[[ GIVEN DATA open ]]
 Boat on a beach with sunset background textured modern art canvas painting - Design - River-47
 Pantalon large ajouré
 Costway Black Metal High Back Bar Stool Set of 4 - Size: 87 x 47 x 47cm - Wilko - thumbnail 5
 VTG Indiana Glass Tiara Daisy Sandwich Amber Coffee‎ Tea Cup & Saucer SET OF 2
[[ GIVEN DATA closed ]]
■ **PROBLEM DETAILS**: Copy the data above in its entirety, exactly as given.

■ **SOLUTION FOR THIS PROBLEM**:
 Boat on a beach with sunset background textured modern art canvas painting - Design - River-47
 Pantalon large ajouré
 Costway Black Metal High Back Bar Stool Set of 4 - Size: 87 x 47 x 47cm - Wilko - thumbnail 5
 VTG Indiana Glass Tiara Daisy Sandwich Amber Coffee‎ Tea Cup & Saucer SET OF 2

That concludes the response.